Source material
= Beginning of Section =
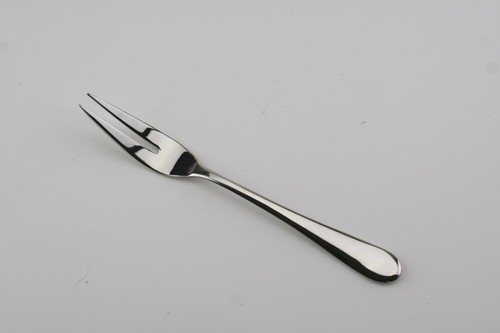 Villeroy & Boch Oscar Used 18/10 Stainless Your Choice - Picture 8 of 13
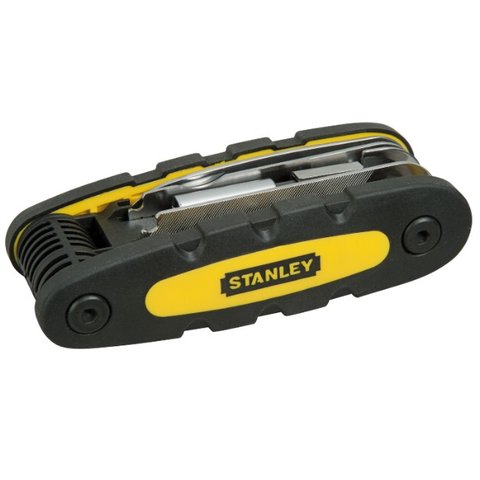 Мультитул Stanley STHT0-70695 Прев'ю 1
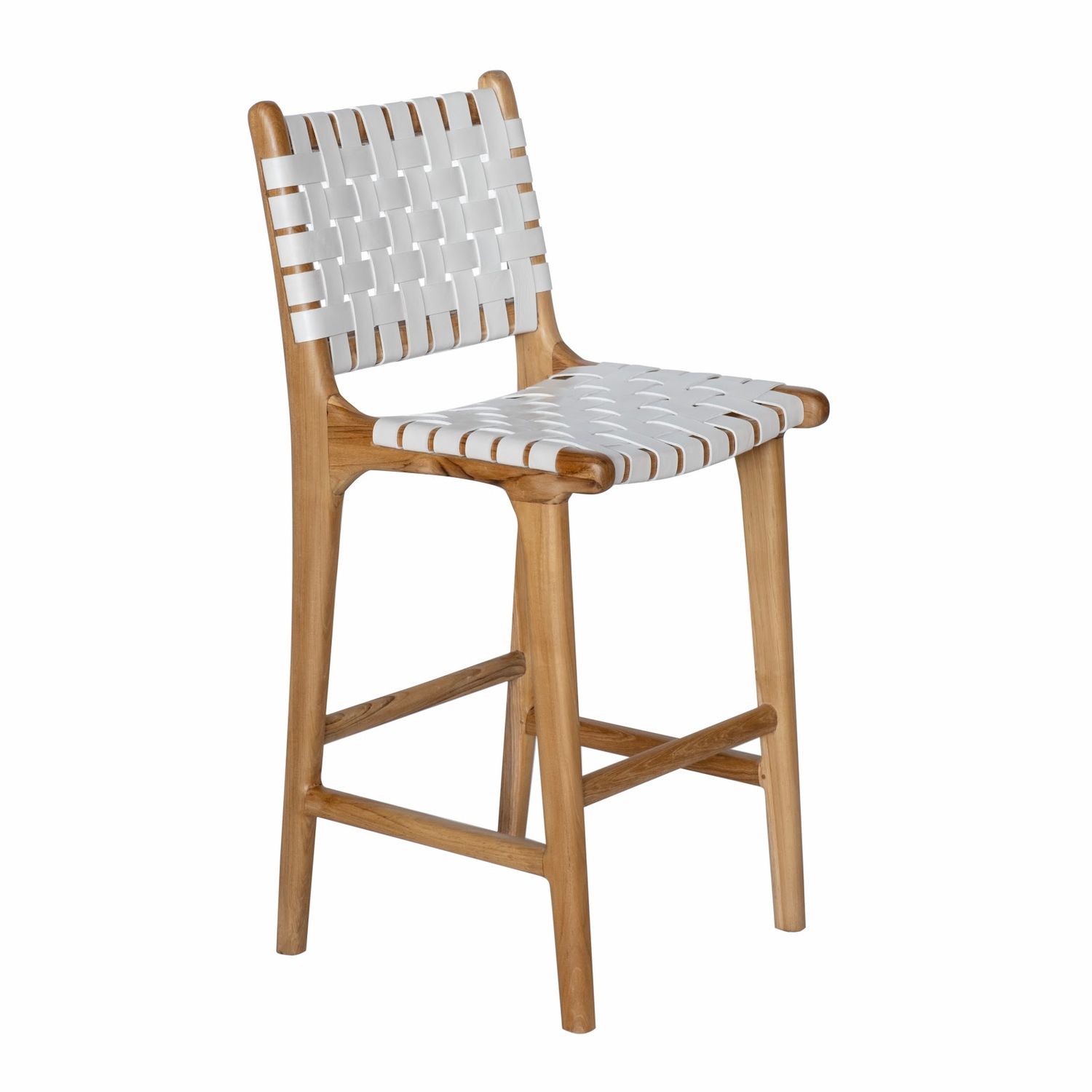 Bar Chair 1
= End of Section =
Work item
Within the listing above, find the line containing "Мультитул Stanley STHT0-70695 Прев'ю 1", then print it and every line after it exactly, leaving out pictures.

Result of the exercise
 Мультитул Stanley STHT0-70695 Прев'ю 1
 Bar Chair 1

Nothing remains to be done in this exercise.